Announcing to my peers that my next destination was to be Kiev
, the Ukrainian capital city, prompted the inevitable references to chicken Kiev, perhaps, ironically, the one Kievan export which a fair number of people tend to identify with the most. Well, my pre-departure images of the city were far greater than a well-prepared dinner, and I had visions of coming across gold-domed church roofs, Soviet-style architecture, men in furry hats and a massive city which could easily qualify as an urban explorer's dream. Happily, most, if not all, of these myths were true, but along the way, I am pleased to report that Kiev also portrayed a highly liveable side too, which led me to believe that, for a country which has suffered so badly in the past, the extent to which Kiev has developed is part of a happy reality which I was more than delighted to have had the opportunity to sample.
Colourful building fronts in the Podil district.
The urban terrain covered from the airport to the central train station was typically former-Soviet / Eastern European-style development, and the stalls, kiosks, office and apartment blocks suggested to me that I was about to take on board the sheer scale of Kiev in just 3 and a half days, and sample its numerous highlights along the way. Indeed, highlights were multifold, and Kiev's most glaringly obvious tourist draw card is the Lavra Caves Monastery, literally the kind of complex which floors you on first sight, and leaves you transfixed with its delectably ornate-looking and intricate features, not to mention the gold-domed roofs. The Lavra leads down to the Great Patriotic (outdoor) War museum, where the statue of the Motherland (Rodina Mat) is perched atop a plinth and is visible from far away.
Kiev's most unconventional-looking building, the House with Chimeras.
Another must-do tourist experience in Kiev is riding the funicular to St. Andrews Church, and walking down Andrew's Descent into the area known as Podil, where artists sell their wares along the cobbled streets on the way down. The shopping culture in Kiev has been rendered more complete not only by the numerous shopping malls, but also due to the fact that many of the prominent underpasses and corridors leading to metro stations are now filled with shops, many of which sell attractive Ukrainian souvenirs. A night out at the Kiev circus proved to be totally commendable fun, and extremely popular among local families, and the Express Hotel which I stayed at during my stay was a conveniently-located property, if somewhat nondescript in terms of its exterior allure.
The bright lights of Independence Square, as evening descended.

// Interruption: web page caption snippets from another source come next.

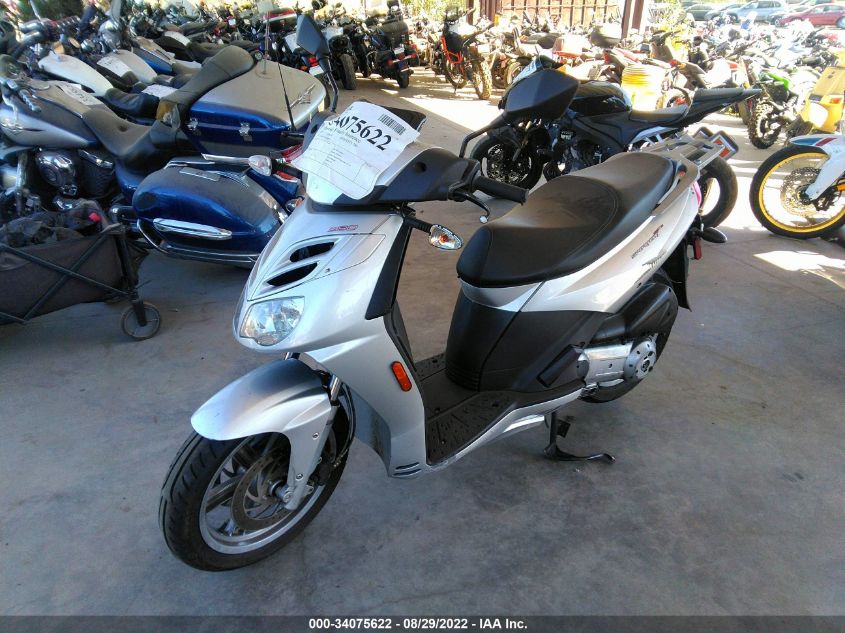 2009 APRILIA SPORTCITY 250 CUBE ZD4VBC0199S000076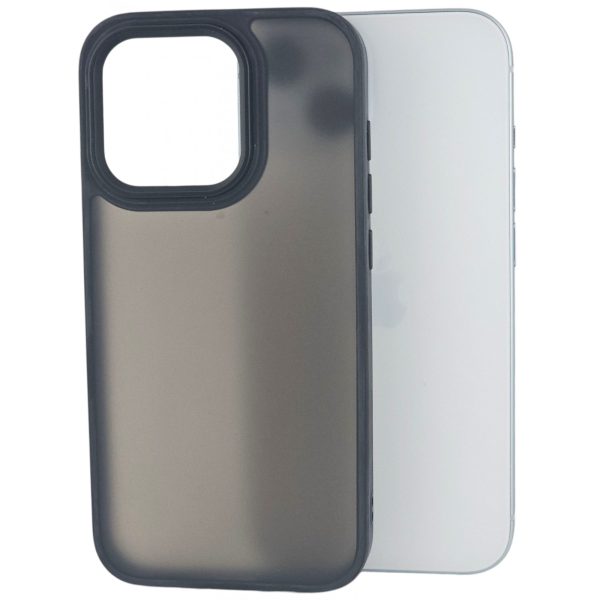 Husa de Protectie, Flippy, pentru iPhone 15 Pro Max, Satin Matte, din PC, Negru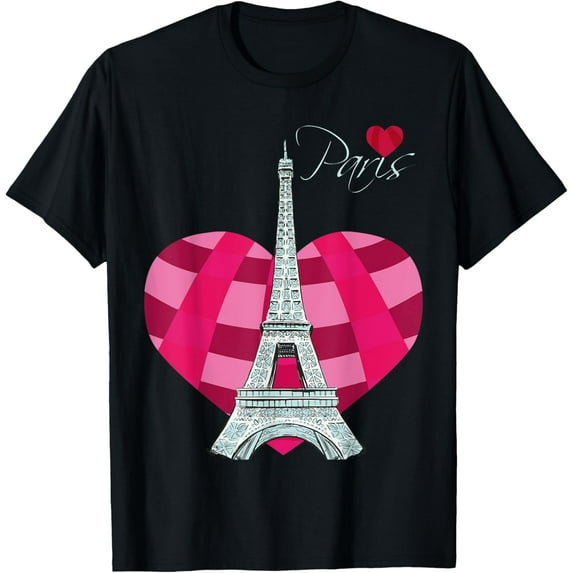 Paris Heart Love Eiffel Tower France Souvenir French Love T-Shirt mens t shirt,black,women,funny,misfits,men,journey,t-shirt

Kiev's main thoroughfare, Khreschatyk, is the location of the Kiev institution, the Tsum department store, and leads to Independence Square, where the the grand and stately nature of much of the city is emphasized well. All in all, I can honestly claim to have been won over quite firmly by the multiple charms of the Ukrainian capital city, and my time in Kiev felt like a privileged opportunity to check out what I'd deem one of Europe's most underrated and shockingly low-profile cities. As I headed towards the airport armed with a souvenir 5-in-1 doll, furry Ukrainian hat, many photos and a firm sense of satisfaction as to how I had spent the Easter break, next year's choice of destination will be a trickier one, especially if I keep aiming to avoid repeat destinations, but this year's pick will keep my systems buzzing with positive vibes at least until my next foray into overseas territory.